Kubernetes 1.35: what you can already see coming

Logotipo oficial de Kubernetes en versión apilada a color, alojado en el repositorio de artwork de la CNCF, proyecto graduado que mantiene un ciclo trimestral de versiones y del que en enero de 2026 se ultiman los detalles de la 1.35 tras haber liberado 1.34 en agosto de 2025, consolidando una cadencia predecible que facilita a los equipos de operaciones planificar ventanas de actualización con riesgo acotado

Kubernetes 1.34 landed in August 2025 with a handful of important changes in native sidecars, init containers, and the first wave of stabilization for WaitForFirstConsumer in generic-volume mode. The 1.35 cycle has entered feature freeze, preliminary release notes are in the repository, and the stable three-releases-per-year pattern keeps working like clockwork. Time to look at what’s coming in the next version, what deserves real attention, and what we can safely leave for another day.
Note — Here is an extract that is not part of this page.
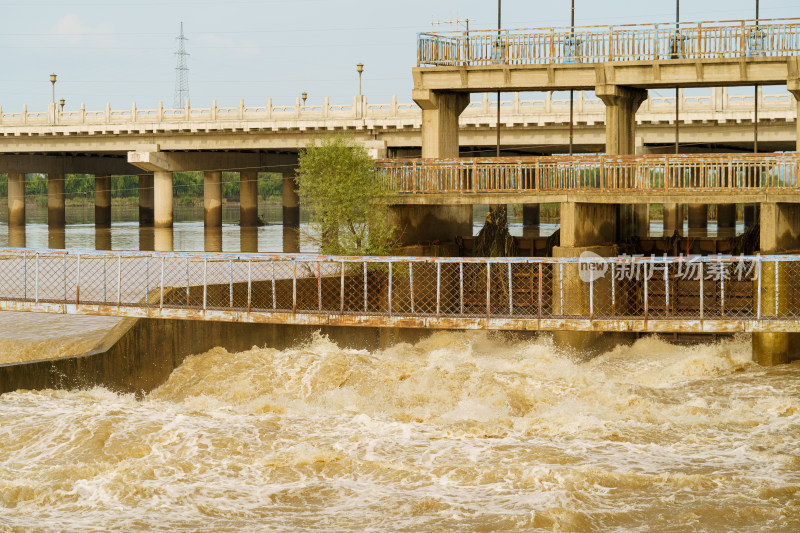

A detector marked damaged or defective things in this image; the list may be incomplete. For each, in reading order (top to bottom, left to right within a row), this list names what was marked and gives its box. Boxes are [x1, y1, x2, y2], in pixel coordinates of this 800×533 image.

rusty metal railing [418, 18, 800, 66]
rusty metal railing [376, 154, 800, 193]
rusty metal railing [1, 247, 800, 330]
Context: where we come from in the 1.3x cycle

Since 1.30 the project has prioritized stabilization over novelty, and it shows in the quality of what ships. 1.32 and 1.33 definitively removed old components like CSI migration from in-tree to out-of-tree for the big providers. 1.34 brought native-sidecar support to stable, improved the pod-priority model, and added more control over how the scheduler reacts when a node loses capacity. The net result is that a 1.34 cluster in 2026 is more predictable, less surprising, and easier to operate than a 1.28 cluster from three years ago.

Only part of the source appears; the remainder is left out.